## DATASET EXTRACT
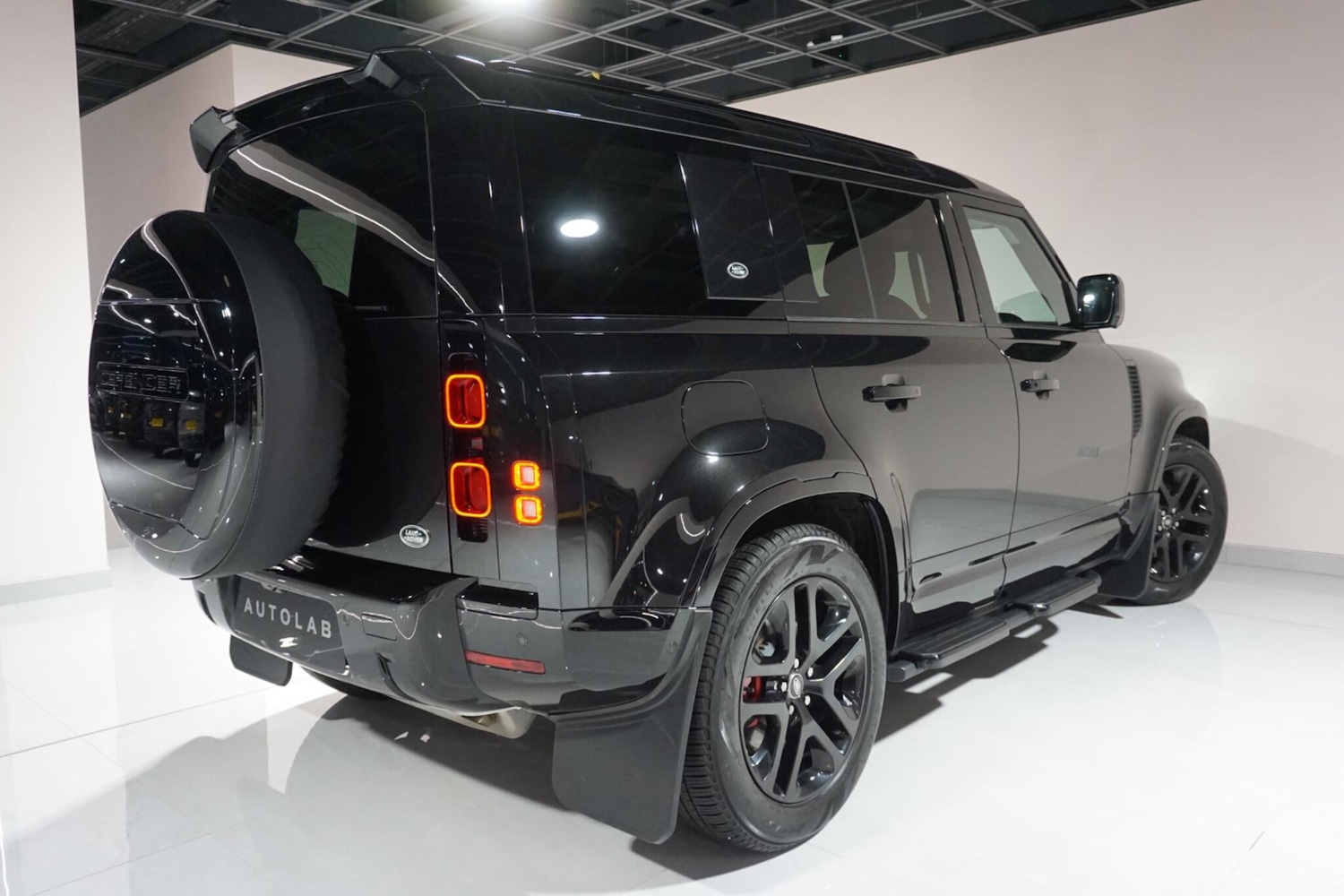 Used Land Rover Defender 110 2022 for sale - 77344212: Photo 32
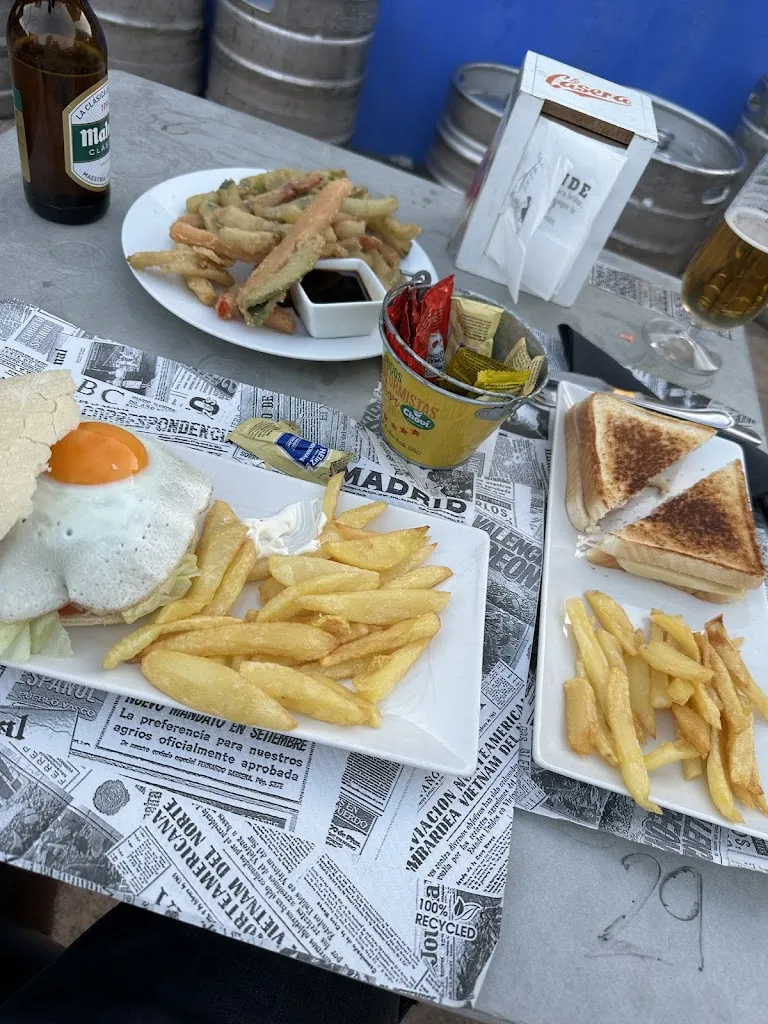 Eldel Bar_TIROLIN_Adrada La_review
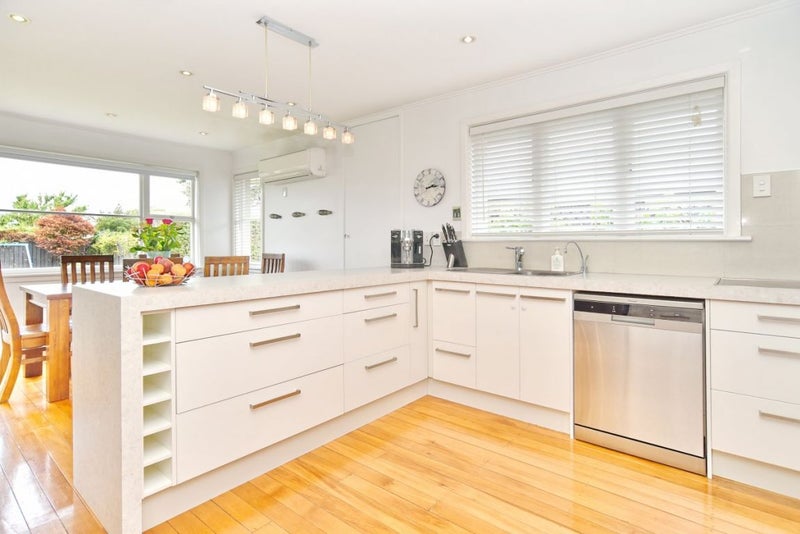 30 Sevenoaks Drive, Bryndwr, Christchurch - Carousel 2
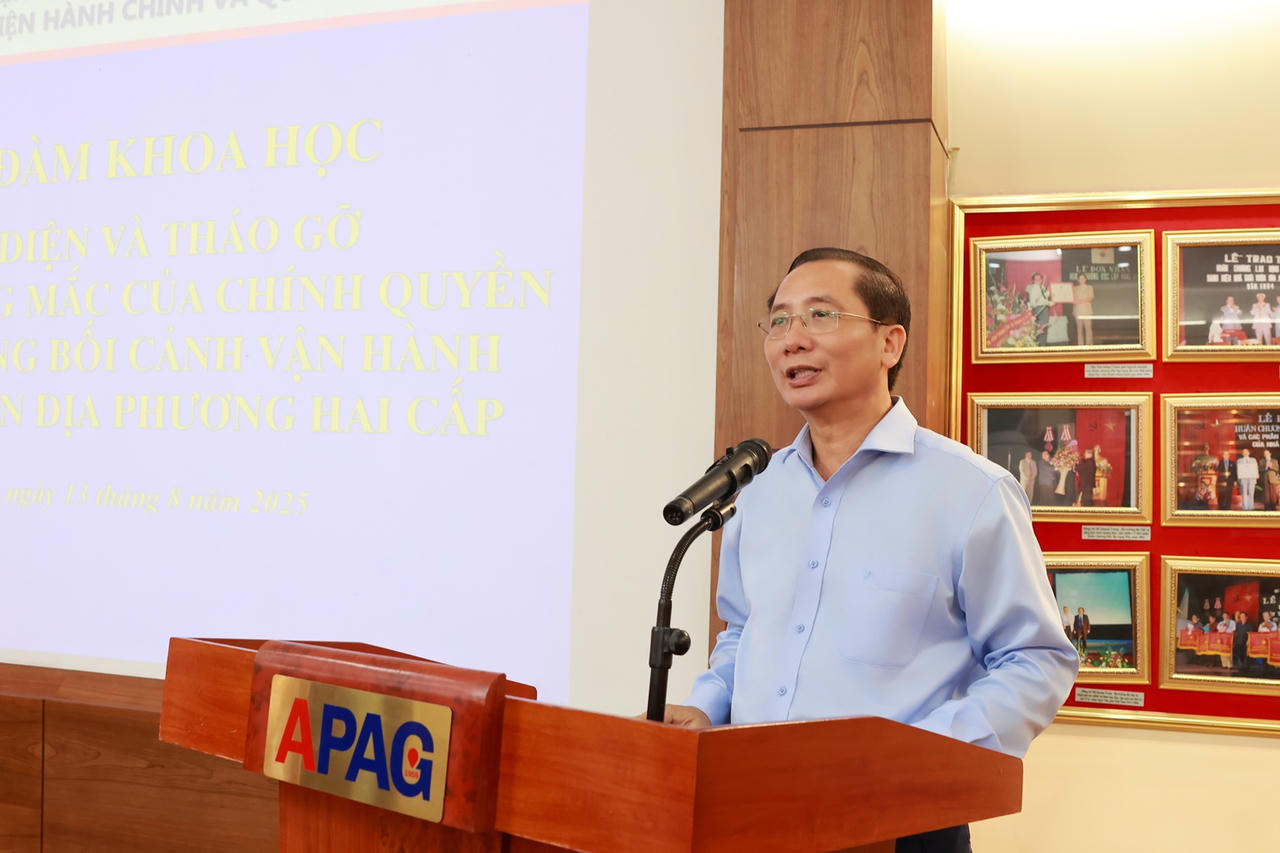 PGS.TS Nguyễn Bá Chiến, Bí thư Đảng ủy, Giám đốc Học viện phát biểu khai mạc Tọa đàm. Ảnh: Như Ngọc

## WHAT YOU WILL DO
Write out all of the data above exactly, without any of its pictures.

## ANSWER FOR THIS EXERCISE
 Used Land Rover Defender 110 2022 for sale - 77344212: Photo 32
 Eldel Bar_TIROLIN_Adrada La_review
 30 Sevenoaks Drive, Bryndwr, Christchurch - Carousel 2
 PGS.TS Nguyễn Bá Chiến, Bí thư Đảng ủy, Giám đốc Học viện phát biểu khai mạc Tọa đàm. Ảnh: Như Ngọc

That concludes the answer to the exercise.